首先,盗窃罪与盗伐林木罪所侵犯法益有所区别。前者侵犯的客体是公私财产所有权,属于侵犯财产类犯罪。后者侵犯了国家、集体或者他人对林木的所有权和国家对林木采伐的管理制度,破坏了森林资源,属于妨害社会管理秩序类犯罪。根据森林法第39条的规定,盗伐森林或者其他林木的,没收盗伐的林木或者变卖所得。刑法第64条的规定,犯罪分子违法所得的一切财物,应当予以追缴或者责令退赔,对被害人合法财产应当予以及时返还。可见,盗挖方式,以不同犯罪论处,对犯罪对象的处理方式不一。以盗伐林木罪论处,应当予以没收,以盗窃罪论处则应当予以返还。我国林权制度改革以保护林木所有者权益为重要目标,刑事司法中对盗挖行为以盗伐林木罪论处,不利于以刑法方式保护林木所有者合法权益。

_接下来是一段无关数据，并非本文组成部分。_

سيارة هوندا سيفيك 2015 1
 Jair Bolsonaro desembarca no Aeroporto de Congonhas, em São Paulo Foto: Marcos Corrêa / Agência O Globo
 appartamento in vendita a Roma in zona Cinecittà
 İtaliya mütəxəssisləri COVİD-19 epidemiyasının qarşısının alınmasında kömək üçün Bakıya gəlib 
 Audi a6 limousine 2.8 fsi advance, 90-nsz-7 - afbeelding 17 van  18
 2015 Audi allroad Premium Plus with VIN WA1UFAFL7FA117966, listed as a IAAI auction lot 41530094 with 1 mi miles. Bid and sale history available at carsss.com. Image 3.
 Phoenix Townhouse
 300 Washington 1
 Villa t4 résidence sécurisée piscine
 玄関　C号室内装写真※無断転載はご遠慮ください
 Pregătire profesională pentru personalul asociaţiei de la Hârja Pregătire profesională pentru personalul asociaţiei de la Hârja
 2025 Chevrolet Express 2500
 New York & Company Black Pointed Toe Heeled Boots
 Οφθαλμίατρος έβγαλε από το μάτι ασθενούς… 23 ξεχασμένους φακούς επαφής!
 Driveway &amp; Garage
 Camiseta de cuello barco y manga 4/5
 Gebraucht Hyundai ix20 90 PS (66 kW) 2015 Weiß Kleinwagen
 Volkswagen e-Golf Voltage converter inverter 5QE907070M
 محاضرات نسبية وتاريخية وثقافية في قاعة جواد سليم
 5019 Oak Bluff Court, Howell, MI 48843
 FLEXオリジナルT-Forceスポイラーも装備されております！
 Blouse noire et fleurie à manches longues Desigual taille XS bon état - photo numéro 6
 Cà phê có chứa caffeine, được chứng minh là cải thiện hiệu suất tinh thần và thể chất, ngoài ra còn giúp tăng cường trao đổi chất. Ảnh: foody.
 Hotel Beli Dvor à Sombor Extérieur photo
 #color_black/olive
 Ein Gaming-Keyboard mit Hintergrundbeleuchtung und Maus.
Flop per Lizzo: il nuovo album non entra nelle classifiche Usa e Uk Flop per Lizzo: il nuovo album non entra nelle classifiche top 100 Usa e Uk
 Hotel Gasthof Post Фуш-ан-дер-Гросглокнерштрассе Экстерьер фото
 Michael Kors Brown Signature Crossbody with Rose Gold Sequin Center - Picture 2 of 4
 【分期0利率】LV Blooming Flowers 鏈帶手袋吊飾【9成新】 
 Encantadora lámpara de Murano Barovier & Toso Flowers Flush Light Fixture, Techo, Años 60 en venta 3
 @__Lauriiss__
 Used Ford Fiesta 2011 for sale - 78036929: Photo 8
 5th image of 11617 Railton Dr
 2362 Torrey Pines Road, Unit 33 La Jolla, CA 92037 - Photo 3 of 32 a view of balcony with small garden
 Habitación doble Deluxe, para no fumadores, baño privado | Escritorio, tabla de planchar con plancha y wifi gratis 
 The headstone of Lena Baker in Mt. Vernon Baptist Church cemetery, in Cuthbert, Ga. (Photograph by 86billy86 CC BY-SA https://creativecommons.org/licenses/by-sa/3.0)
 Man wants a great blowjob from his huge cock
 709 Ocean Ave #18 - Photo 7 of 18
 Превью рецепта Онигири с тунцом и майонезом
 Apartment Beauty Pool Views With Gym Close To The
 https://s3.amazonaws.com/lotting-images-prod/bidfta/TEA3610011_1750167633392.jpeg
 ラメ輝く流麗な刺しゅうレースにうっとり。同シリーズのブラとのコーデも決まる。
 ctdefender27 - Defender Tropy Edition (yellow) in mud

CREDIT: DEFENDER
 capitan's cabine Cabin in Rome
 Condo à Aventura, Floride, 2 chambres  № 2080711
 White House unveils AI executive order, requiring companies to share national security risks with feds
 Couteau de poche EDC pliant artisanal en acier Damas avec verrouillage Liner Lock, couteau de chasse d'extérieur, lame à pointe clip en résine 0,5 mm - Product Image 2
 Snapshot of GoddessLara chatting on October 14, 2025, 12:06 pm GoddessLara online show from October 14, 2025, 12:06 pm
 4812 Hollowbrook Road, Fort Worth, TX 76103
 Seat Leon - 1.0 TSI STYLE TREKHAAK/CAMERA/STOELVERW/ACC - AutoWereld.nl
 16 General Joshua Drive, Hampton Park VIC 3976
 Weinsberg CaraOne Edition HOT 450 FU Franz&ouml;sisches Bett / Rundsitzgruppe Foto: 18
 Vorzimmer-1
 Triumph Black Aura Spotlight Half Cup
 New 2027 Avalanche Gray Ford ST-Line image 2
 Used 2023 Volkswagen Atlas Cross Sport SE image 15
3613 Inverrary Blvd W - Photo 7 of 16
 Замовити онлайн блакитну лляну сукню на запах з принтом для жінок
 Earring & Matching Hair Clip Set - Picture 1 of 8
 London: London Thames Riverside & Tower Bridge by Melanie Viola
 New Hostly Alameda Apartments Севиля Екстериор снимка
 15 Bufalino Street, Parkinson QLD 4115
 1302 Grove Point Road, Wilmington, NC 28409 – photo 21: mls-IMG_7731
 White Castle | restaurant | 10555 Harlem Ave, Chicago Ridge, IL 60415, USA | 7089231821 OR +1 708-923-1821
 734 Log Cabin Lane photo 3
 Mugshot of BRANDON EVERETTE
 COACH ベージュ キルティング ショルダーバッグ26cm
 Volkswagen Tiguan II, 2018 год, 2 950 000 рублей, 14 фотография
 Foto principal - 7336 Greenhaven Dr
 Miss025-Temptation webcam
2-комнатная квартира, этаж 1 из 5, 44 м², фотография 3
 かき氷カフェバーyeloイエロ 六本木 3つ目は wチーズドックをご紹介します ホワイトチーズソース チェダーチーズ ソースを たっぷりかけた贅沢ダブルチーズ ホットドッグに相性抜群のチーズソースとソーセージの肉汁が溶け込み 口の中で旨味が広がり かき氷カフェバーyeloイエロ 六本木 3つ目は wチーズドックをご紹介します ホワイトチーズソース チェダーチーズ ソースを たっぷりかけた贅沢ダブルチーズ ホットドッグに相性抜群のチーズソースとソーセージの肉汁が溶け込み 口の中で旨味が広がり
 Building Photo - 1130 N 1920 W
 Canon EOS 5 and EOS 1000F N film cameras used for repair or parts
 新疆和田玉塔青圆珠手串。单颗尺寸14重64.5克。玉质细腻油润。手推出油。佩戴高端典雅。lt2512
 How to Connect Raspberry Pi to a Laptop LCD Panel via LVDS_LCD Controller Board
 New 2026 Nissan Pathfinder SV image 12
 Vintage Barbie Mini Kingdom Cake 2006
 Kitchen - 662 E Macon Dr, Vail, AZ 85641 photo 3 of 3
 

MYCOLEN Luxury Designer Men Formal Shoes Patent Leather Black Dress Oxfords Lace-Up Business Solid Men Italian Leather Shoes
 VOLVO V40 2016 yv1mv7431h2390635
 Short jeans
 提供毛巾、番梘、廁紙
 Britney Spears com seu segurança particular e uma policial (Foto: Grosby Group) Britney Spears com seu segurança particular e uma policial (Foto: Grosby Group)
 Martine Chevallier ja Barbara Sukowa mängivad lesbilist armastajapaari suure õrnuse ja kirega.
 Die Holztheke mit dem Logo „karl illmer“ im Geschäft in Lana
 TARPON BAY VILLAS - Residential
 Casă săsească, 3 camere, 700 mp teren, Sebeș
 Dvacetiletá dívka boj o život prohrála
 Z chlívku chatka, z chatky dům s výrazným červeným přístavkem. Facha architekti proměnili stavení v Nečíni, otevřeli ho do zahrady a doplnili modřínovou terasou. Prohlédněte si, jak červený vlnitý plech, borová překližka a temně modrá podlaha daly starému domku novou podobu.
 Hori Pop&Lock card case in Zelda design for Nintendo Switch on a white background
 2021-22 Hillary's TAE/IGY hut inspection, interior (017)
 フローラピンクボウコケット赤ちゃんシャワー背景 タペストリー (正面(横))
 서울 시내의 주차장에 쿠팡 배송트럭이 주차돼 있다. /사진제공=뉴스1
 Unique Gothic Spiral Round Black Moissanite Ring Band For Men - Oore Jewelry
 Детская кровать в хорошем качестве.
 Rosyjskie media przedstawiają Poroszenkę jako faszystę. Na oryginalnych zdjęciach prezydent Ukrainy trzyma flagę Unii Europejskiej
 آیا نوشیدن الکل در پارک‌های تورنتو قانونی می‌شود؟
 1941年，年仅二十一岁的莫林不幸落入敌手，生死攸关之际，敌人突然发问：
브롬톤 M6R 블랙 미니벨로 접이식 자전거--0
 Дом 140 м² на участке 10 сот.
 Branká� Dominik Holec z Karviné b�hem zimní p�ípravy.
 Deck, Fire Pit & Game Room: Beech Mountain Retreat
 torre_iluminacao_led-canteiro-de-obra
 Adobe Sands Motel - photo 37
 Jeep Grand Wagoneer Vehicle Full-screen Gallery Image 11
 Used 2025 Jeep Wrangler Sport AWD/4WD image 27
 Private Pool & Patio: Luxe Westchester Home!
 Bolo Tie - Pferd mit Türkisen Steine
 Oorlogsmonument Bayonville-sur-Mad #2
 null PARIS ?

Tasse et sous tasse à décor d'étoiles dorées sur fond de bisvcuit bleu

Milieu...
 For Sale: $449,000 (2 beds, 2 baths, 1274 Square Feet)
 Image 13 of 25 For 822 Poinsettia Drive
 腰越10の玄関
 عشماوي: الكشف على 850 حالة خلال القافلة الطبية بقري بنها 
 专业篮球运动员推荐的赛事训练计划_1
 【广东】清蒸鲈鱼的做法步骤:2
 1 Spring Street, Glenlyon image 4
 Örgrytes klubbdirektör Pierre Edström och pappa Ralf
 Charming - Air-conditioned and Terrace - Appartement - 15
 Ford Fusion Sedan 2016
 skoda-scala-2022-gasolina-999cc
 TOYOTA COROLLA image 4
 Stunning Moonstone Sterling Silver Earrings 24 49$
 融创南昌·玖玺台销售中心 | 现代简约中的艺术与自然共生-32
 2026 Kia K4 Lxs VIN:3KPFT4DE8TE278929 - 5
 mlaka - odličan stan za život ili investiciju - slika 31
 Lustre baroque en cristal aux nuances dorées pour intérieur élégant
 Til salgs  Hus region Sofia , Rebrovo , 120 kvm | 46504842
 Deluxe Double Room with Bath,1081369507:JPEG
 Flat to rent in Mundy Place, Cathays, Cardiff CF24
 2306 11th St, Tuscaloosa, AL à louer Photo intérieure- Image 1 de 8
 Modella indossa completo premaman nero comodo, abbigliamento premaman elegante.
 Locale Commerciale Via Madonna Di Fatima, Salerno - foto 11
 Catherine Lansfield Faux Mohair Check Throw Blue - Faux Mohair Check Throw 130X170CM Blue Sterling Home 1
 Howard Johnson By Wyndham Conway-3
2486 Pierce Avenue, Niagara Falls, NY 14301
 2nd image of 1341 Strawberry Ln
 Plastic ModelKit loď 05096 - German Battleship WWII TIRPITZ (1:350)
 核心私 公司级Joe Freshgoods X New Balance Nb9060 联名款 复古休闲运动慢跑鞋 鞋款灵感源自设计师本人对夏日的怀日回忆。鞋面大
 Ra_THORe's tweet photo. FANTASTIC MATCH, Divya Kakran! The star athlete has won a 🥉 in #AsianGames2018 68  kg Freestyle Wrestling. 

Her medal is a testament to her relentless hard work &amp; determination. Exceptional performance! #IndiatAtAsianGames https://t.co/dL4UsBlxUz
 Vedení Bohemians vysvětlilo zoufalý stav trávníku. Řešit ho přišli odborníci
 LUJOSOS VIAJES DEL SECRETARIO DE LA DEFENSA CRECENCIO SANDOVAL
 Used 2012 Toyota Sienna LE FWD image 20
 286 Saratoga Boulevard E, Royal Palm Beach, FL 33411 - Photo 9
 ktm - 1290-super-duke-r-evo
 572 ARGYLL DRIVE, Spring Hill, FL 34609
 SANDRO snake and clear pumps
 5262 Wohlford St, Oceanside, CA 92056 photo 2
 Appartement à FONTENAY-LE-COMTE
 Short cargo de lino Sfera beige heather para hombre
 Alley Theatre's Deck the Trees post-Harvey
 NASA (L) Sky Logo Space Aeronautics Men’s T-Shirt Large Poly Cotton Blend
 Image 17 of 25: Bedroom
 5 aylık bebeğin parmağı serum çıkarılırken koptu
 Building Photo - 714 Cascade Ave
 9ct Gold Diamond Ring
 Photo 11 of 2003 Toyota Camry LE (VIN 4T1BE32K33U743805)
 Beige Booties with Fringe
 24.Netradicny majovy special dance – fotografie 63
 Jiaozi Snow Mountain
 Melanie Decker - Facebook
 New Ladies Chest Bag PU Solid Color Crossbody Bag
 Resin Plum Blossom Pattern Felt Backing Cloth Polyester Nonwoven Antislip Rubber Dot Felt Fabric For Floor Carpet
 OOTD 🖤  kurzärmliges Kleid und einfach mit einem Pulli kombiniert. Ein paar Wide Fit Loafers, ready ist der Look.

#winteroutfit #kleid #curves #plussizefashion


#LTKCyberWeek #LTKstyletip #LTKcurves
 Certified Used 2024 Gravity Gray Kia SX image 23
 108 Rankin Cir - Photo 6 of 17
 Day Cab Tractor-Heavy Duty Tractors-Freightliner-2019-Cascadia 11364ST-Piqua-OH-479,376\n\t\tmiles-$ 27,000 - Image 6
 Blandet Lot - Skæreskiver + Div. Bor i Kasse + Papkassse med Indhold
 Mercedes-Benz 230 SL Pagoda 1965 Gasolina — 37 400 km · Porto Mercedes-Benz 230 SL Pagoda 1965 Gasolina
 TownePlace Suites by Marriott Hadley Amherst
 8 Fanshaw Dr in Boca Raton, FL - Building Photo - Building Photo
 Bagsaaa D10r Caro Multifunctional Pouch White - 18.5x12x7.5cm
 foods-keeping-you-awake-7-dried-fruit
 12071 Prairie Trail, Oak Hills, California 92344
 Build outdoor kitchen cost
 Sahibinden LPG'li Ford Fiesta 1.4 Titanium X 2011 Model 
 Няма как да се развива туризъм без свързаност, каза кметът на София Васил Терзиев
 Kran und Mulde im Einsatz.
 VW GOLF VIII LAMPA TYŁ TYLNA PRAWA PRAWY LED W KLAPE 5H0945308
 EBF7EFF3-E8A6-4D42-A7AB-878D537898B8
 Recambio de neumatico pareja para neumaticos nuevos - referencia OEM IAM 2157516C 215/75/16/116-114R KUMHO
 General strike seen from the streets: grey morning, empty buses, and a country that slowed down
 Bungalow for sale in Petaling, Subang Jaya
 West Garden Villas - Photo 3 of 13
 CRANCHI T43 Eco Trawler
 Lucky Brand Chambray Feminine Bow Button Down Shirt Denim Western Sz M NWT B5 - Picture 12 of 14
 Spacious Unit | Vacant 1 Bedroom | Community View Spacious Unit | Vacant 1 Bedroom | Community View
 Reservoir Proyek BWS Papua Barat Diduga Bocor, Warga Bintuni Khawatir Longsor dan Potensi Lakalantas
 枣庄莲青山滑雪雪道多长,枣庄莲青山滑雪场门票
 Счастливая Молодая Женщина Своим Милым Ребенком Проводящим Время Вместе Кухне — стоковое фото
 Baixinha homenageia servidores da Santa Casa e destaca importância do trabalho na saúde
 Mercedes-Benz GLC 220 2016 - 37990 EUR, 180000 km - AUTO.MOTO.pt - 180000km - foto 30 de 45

其次,根据逻辑解释,为追求经济利益,以掘根方式破坏林木的行为以盗窃论处,那么为追求经济利益,以盗挖方式破坏林木的行为,根据逻辑解释的原则自当以盗窃罪论处。

再次,根据竞合犯处断原理。盗挖林木,属于一个行为同时触犯了数个罪名,在刑法理论上被称为想象竞合犯。对此应以行为所触犯罪名中的一个重罪(即盗窃罪)论处。